I closed my eyes, my thoughts only of Alyssa Ford. As I drifted off, my life played out against my eyelids.

33

Jack

2009

“Okay, here it comes,” I said to my brother. “Are you sure you can handle it?”

“Just throw it already!” Eric said, crouched down like a catcher.

I kicked my leg up like Scott Kazmir and fired a fastball to my brother. I missed my spot by a foot, and he had to dart to his left to catch it.

“Nice one,” my buddy teased. “If Eric hadn’t caught that, it would’ve gone through my mom’s flowers!”

“I wish we had a radar gun,” I said. “That one was at least ninety!”

“In your dreams,” Eric replied. “Ninety is how hard the pros throw.”

“So?” I replied.

“So, you’re only eleven years old. I bet you’re not even hitting sixty.”

“You don’t know!” I shot back at him. “Give me the ball.”

Eric rolled his eyes and tossed the ball back to me.

Before I could make my next pitch, I noticed two girls riding bikes up the road. They pulled up to the yard where we were playing. One of them immediately drew my attention.
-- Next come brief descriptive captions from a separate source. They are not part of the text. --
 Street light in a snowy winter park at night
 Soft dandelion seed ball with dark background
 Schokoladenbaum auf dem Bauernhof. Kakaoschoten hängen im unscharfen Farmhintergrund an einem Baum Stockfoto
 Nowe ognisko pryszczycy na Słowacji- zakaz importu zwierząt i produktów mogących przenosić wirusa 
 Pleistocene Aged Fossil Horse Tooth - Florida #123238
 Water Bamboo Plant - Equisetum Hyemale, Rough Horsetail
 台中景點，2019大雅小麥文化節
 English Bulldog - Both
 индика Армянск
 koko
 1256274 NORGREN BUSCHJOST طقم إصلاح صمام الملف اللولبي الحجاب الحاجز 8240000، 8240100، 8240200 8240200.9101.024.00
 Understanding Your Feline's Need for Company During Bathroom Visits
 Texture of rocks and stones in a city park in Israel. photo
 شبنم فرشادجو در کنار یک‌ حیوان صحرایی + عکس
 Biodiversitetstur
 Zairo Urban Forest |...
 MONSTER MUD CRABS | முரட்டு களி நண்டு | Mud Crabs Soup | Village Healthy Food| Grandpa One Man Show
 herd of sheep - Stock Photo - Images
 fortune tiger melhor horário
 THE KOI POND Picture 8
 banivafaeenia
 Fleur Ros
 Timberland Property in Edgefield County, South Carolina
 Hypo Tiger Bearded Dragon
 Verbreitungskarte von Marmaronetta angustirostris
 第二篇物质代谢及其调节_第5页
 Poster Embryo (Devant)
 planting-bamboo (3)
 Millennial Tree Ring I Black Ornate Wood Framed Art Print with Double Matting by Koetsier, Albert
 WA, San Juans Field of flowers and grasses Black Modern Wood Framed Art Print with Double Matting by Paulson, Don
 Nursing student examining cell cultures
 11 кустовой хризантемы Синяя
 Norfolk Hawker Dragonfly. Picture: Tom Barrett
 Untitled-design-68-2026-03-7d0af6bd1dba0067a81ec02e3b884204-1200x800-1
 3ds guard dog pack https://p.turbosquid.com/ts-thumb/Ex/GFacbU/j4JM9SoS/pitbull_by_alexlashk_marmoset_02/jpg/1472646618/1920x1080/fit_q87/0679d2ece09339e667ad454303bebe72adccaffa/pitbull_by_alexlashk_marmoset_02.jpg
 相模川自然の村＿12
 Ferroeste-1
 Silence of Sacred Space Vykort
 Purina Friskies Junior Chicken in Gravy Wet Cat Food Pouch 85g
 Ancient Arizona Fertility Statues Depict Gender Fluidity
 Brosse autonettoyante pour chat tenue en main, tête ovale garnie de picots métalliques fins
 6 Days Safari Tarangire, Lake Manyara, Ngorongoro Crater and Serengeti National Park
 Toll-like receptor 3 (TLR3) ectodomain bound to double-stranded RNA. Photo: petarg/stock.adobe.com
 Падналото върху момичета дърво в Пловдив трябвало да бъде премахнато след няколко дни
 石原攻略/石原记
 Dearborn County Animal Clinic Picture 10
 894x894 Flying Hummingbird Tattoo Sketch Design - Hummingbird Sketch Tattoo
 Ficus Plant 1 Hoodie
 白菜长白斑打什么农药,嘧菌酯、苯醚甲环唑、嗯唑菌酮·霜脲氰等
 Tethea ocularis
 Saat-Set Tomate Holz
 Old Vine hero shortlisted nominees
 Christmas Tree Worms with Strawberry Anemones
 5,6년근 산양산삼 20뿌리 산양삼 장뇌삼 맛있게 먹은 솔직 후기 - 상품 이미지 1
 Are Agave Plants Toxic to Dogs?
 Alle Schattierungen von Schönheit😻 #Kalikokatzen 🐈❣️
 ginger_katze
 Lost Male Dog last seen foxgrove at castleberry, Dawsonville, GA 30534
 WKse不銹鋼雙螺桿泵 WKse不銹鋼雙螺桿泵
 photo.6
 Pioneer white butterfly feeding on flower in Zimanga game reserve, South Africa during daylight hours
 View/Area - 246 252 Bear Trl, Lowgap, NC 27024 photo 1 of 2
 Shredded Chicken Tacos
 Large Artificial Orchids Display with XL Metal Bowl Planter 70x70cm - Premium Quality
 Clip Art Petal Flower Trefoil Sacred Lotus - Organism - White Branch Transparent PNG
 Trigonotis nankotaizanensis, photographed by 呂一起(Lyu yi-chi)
She had curly blonde hair and big, innocent eyes.

A lot of my friends still thought girls were gross, but I knew better. Girls could be pretty cool, as long as they weren’t annoying. This girl looked cool.

“Hello!” the blonde girl said, immediately walking up to me. “I’m Alyssa, and this is my sister, Brandi.”

Why did my stomach feel funny when she smiled at me? I wanted her to like me. I wasn’t sure how to talk to girls, but me and my brothers liked to tease each other. That was our way of making friends.

“Hello rhymes with yellow,” I said, “which is the color of pee.”

My buddies laughed, but the blonde girl did not. That was weird. Maybe she didn’t get the joke.

“You root for the Braves?” my brother asked.

“Duh! They’re the best,” the second girl said. I barely glanced at her; I couldn’t take my eyes off the blonde. Alyssa. She’s pretty. I had never thought of any girls in my class that way before, but Alyssa was definitely pretty.

“The Braves stink,” my brother said. “Everyone here roots for the Rays. They went to the World Series.”